There is also another theory, promulgated to great effect a decade ago by New York computer scientist and futurist Ray Kurzweil, that the rise to dominance of intelligent machines is not only possible but inevitable.
Kurzweil predicts that in the near future, networked artificial intelligence will reach a point where it will be endlessly able to build better versions of itself. Eventually, it will manifest in a level of intelligence that is incomprehensible to humans, who must then relinquish control.
That point Kurzweil dubbed “the singularity”. He suggests it will occur sometime around 2045. Wozniak doesn’t disagree.
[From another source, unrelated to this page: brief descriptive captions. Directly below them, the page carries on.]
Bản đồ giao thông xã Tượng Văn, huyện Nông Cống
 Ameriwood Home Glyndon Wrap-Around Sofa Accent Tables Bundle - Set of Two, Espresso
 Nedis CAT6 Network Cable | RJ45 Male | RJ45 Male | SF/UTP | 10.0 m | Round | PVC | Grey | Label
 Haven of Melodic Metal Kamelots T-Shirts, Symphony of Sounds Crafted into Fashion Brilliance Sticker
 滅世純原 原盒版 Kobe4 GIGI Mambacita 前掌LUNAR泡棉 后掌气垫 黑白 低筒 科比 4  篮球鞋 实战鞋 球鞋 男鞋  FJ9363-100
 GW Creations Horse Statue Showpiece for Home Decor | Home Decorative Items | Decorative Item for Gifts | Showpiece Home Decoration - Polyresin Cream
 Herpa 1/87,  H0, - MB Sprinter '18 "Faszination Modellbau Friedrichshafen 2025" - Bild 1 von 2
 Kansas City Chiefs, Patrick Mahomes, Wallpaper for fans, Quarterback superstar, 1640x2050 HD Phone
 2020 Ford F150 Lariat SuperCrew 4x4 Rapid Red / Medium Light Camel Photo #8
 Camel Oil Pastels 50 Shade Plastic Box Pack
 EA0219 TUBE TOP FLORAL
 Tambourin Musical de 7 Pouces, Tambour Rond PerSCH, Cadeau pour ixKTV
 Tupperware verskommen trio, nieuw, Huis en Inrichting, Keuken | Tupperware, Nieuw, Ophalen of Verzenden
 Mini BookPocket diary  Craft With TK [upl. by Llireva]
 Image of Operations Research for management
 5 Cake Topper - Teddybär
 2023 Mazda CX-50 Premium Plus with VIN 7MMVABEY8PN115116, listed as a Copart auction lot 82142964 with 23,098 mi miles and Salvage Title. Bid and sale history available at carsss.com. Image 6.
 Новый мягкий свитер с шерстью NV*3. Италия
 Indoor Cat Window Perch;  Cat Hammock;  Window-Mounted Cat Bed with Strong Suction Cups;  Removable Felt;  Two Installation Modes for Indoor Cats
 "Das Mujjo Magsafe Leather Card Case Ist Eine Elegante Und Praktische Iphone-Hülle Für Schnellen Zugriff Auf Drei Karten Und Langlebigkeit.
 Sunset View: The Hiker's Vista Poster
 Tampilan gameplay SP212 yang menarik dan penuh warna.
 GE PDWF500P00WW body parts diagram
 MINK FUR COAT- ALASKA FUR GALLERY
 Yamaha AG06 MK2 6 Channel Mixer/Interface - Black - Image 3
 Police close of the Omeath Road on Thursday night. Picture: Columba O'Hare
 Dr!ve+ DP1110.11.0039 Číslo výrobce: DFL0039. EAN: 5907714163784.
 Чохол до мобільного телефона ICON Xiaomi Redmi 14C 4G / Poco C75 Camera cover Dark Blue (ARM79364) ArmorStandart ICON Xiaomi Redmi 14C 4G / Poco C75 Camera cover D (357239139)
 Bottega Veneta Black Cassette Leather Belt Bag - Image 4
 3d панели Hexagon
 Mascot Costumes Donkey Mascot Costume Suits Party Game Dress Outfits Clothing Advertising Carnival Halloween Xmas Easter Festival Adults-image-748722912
“The singularity as Ray defines it – and he’s a brilliant person – is very near,” he says.
“It’s probably still on his schedule for 2045. But the singularity is misunderstood.”
Wozniak says it is not that computers will replace people’s brains.
“What it really means is that computing equipment will be using as much information, and processing it as much, as all of the human brains put together – and you cannot predict what that means. You cannot predict a path after the singularity.”
Despite this uncertainty, the Woz is gloriously unworried by what might lie beyond the veil.
By definition, there can be no logical reason for such equanimity, but Woz, it should be remembered, understands the nature of computers much more viscerally than pretty much anybody else on the planet.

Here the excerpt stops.